[Opening DATASET EXTRACT section]

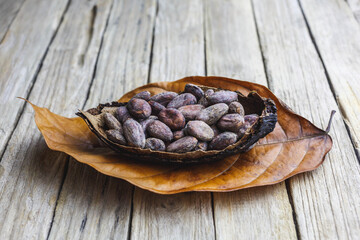 Dry  organic cocoa bean on wooden table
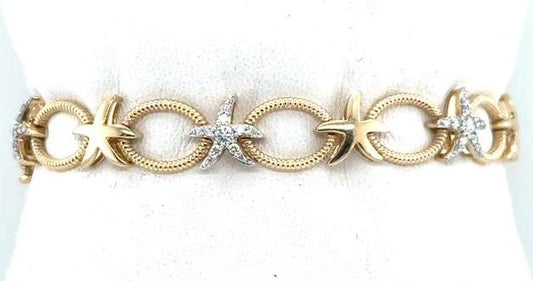 14K yellow gold bracelet with textured oval links and diamond-accent starfish motifs.
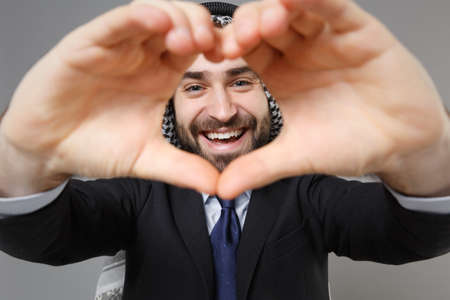 Smiling bearded arabian muslim businessman in keffiyeh kafiya ring igal agal classic black suit isolated on gray background. Achievement career wealth business concept. Showing shape heart with hands.の写真素材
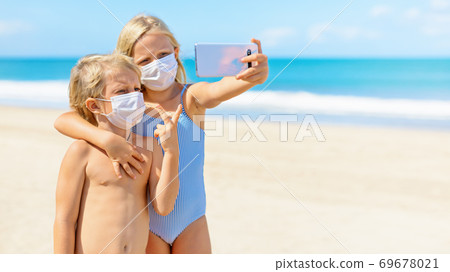 Funny kids in face masks taking selfie photo on beach 69678021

[Closing DATASET EXTRACT section]

### WORK INSTRUCTIONS
When repeating the material above, keep every line exact and drop all pictures.

### OUTPUT
 Dry  organic cocoa bean on wooden table
 14K yellow gold bracelet with textured oval links and diamond-accent starfish motifs.
 Smiling bearded arabian muslim businessman in keffiyeh kafiya ring igal agal classic black suit isolated on gray background. Achievement career wealth business concept. Showing shape heart with hands.の写真素材
 Funny kids in face masks taking selfie photo on beach 69678021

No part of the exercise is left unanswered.